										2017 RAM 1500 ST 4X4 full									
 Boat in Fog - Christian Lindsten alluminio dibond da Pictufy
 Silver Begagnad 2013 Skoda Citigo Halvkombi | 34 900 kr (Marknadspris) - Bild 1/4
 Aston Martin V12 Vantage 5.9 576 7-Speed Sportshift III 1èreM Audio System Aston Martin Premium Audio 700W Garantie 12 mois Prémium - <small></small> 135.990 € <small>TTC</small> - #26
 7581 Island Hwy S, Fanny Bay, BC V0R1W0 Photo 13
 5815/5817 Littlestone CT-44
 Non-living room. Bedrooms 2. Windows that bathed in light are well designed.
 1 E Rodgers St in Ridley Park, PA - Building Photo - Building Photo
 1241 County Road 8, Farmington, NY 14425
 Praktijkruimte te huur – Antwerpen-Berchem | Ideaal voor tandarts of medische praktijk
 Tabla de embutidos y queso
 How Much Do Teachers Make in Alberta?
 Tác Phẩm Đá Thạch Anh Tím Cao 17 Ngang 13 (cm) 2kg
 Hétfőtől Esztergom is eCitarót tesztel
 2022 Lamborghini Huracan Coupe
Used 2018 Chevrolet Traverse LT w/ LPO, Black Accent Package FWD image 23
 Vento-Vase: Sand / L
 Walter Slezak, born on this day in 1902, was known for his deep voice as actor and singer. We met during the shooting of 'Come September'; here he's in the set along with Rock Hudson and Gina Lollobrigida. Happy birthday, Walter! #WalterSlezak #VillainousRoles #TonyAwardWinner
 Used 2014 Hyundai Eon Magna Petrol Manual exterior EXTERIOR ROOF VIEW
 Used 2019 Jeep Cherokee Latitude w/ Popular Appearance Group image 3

_Problem details:_ Scan the listing above for the line that has "Vento-Vase: Sand / L", then copy exactly from that line through the line that has "Walter Slezak, born".

_Solution to the problem:_
 Vento-Vase: Sand / L
 Walter Slezak, born on this day in 1902, was known for his deep voice as actor and singer. We met during the shooting of 'Come September'; here he's in the set along with Rock Hudson and Gina Lollobrigida. Happy birthday, Walter! #WalterSlezak #VillainousRoles #TonyAwardWinner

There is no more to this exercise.